HUMILHAÇÃO EM CUSCO: Fogão leva 6 a 1 do Cienciano e rivais disparam: ‘Nunca serão!’

Uma noite para esquecer. Uma goleada de 6 a 1 que entra para a história como uma das maiores vergonhas do Botafogo. A Estrela Solitária se apagou em Cusco.

O Botafogo foi goleado por 6 a 1 pelo Cieniano pela Copa Sul-Americana (Photo by Jose Angulo / AFP)

Uma Noite de Infâmia para a Estrela Solitária

Há noites que entram para a história pelos piores motivos. A de quinta-feira, dia 13, será uma delas. Uma cicatriz na alma de cada botafoguense. Em Cusco, no Estádio Inca Garcilaso de La Vega, o que deveria ser o início de uma caminhada gloriosa nas oitavas de final da Sul-Americana se transformou em um pesadelo indescritível. O placar de 6 a 1 para o Cienciano não é apenas um resultado; é uma mancha, uma humilhação que ecoará por General Severiano e por todo o Brasil.

A Estrela Solitária, que tantas vezes nos guiou na escuridão, se apagou na altitude peruana. O time que entrou em campo não era o Botafogo que conhecemos e amamos. Foi uma equipe apática, perdida, que assistiu a um adversário mediano se transformar em um gigante impiedoso. A derrota dói, mas a forma como ela aconteceu é o que dilacera o coração do povo do Fogão.

Um Massacre Anunciado em 30 Minutos

O roteiro da tragédia foi escrito em velocidade assustadora.

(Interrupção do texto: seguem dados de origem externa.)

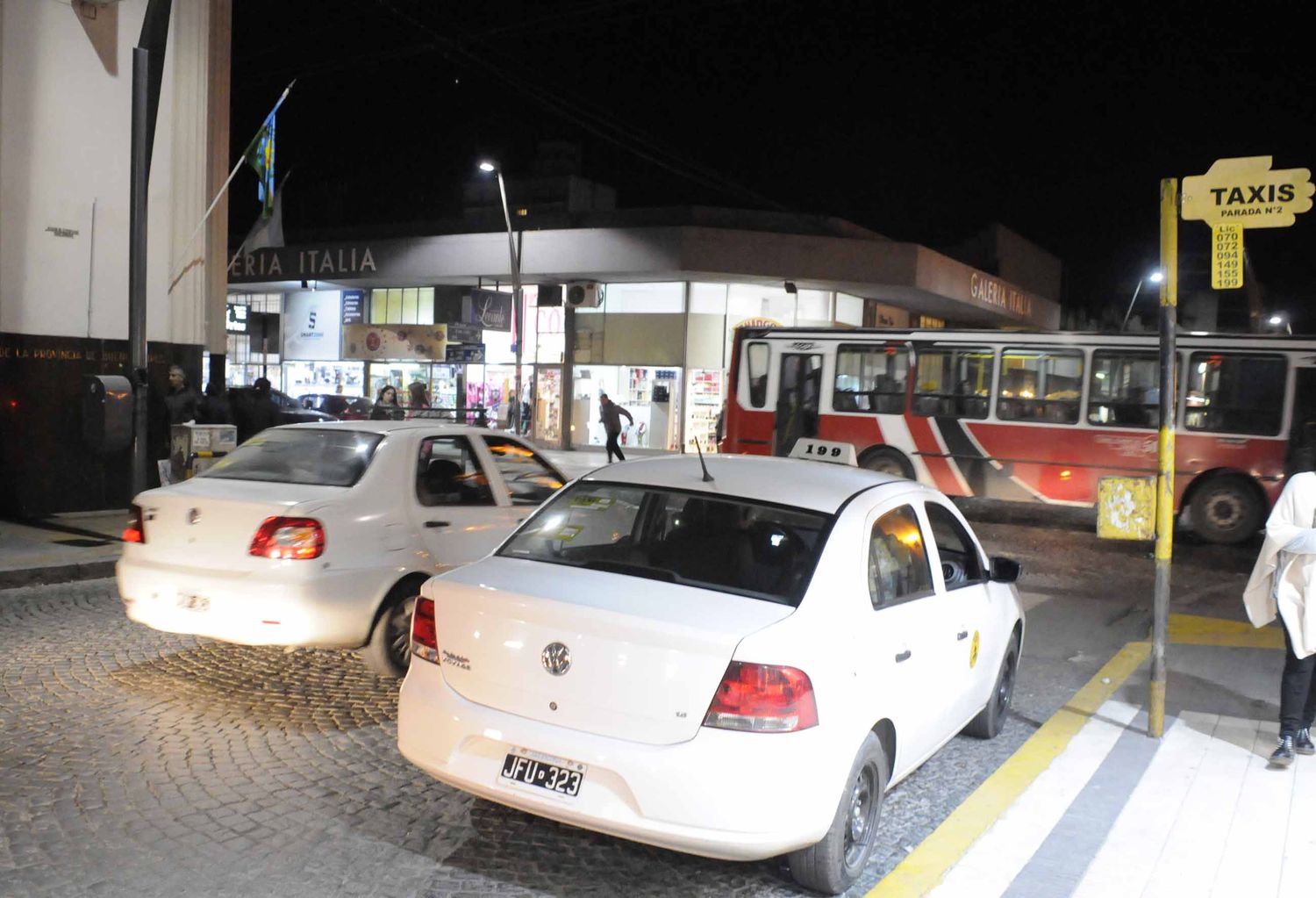 El Concejo Deliberante amplió la antigüedad para la habilitación y permanencia en el servicio de las unidades habilitadas como taxis y remises.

Antes mesmo que a torcida alvinegra pudesse entender o que se passava, o Glorioso já estava de joelhos. O texto do jornalista Leonardo Bessa, do Lance!, descreve com precisão cirúrgica: o Botafogo ‘não viu a cor da bola’ e foi ‘severamente punido’.

Antes dos 30 minutos da primeira etapa, o placar já apontava um vergonhoso 3 a 0. Succar, o carrasco da noite, marcou duas vezes. O segundo gol, uma falha grotesca do nosso goleiro Warleson, que entregou a bola nos pés do adversário. Como se não bastasse, Bandiera ampliou, em um lance que gerou revolta: a bola parece tocar em seu braço, mas a arbitragem, para variar, fez vista grossa ao clamor alvinegro.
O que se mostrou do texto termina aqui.